**Exercise instructions**
Return exactly those lines of the material below that fall between the line holding "GOESMO 29101 single" and the line holding "Galaxy Watercolor, Gift", inclusive.

**Dataset entries**
>>

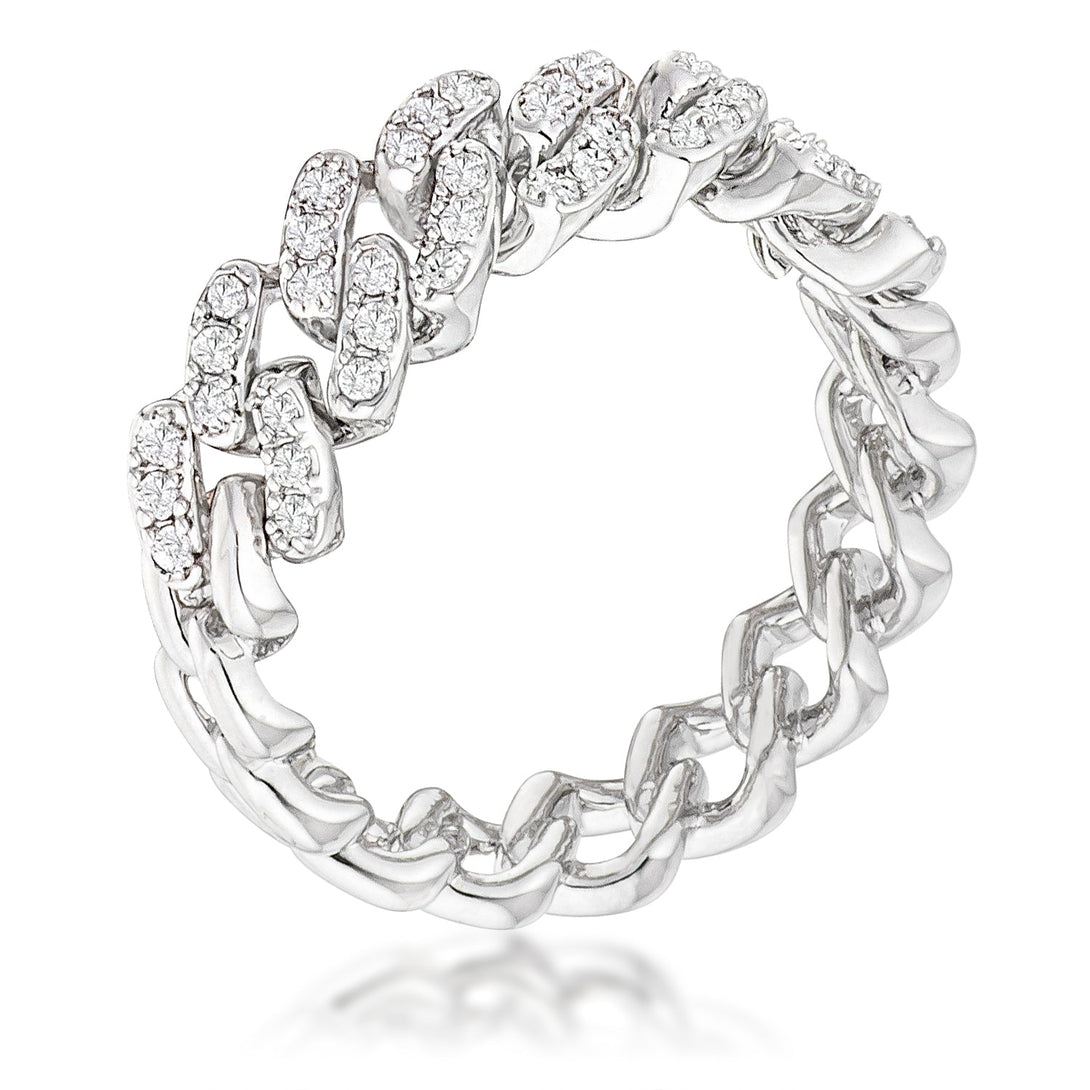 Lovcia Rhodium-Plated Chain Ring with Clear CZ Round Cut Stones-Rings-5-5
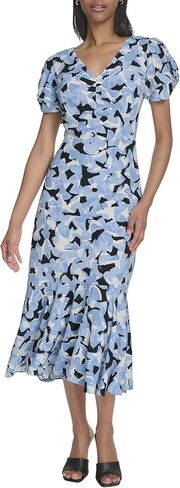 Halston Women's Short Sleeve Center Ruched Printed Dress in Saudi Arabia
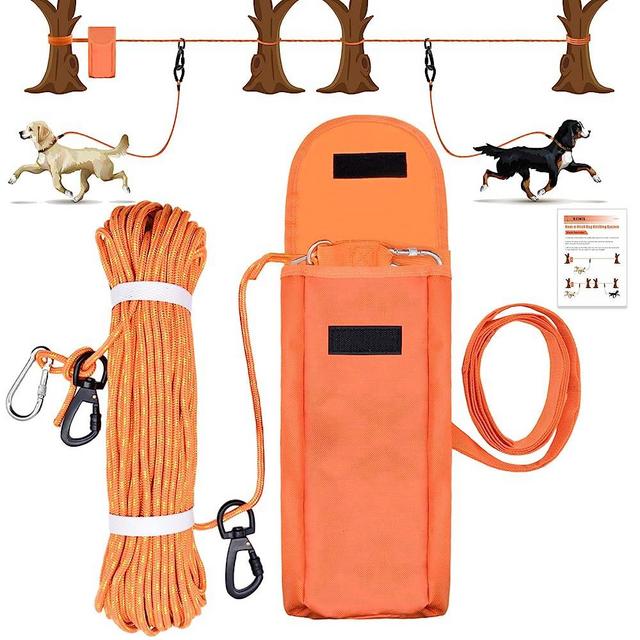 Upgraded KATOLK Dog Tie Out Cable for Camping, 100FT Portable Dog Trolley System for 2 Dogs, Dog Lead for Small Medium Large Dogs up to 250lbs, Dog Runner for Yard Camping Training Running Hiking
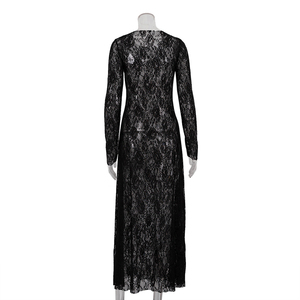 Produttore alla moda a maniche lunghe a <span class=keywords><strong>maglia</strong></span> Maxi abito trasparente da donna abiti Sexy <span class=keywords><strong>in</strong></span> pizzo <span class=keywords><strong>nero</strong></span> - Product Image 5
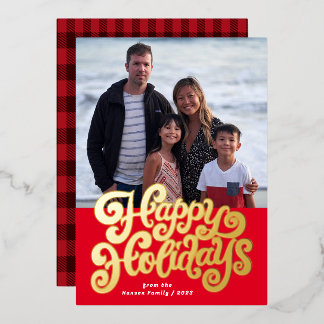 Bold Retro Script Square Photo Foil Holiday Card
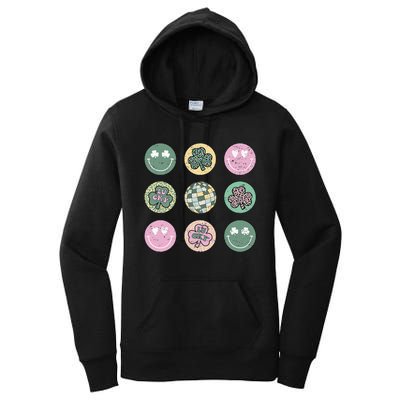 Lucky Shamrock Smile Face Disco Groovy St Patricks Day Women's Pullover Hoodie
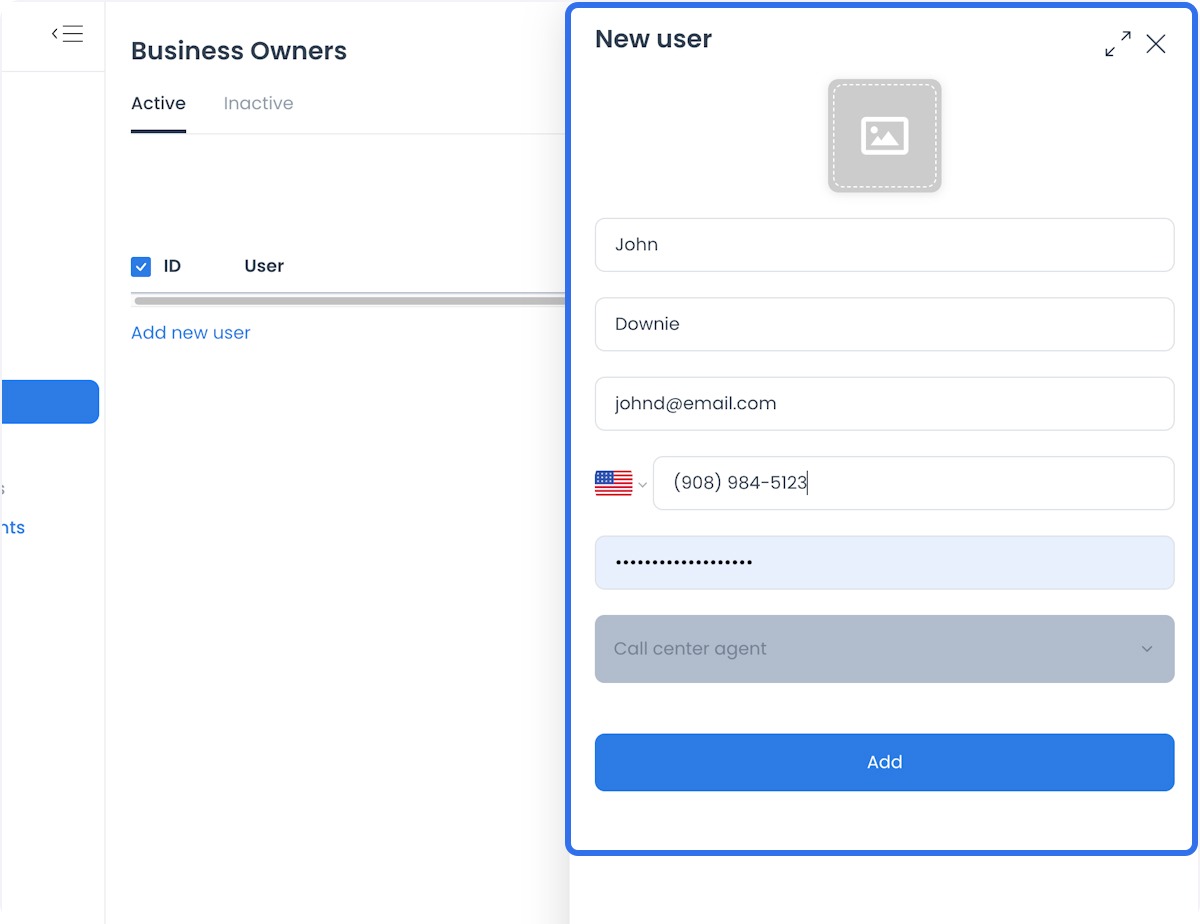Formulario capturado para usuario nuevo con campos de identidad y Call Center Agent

<<
>>

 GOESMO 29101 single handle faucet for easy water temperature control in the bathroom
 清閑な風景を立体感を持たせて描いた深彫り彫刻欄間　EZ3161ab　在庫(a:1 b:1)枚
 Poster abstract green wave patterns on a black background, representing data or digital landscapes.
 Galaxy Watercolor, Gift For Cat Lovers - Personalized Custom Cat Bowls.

<<

**Problem solution**
 GOESMO 29101 single handle faucet for easy water temperature control in the bathroom
 清閑な風景を立体感を持たせて描いた深彫り彫刻欄間　EZ3161ab　在庫(a:1 b:1)枚
 Poster abstract green wave patterns on a black background, representing data or digital landscapes.
 Galaxy Watercolor, Gift For Cat Lovers - Personalized Custom Cat Bowls.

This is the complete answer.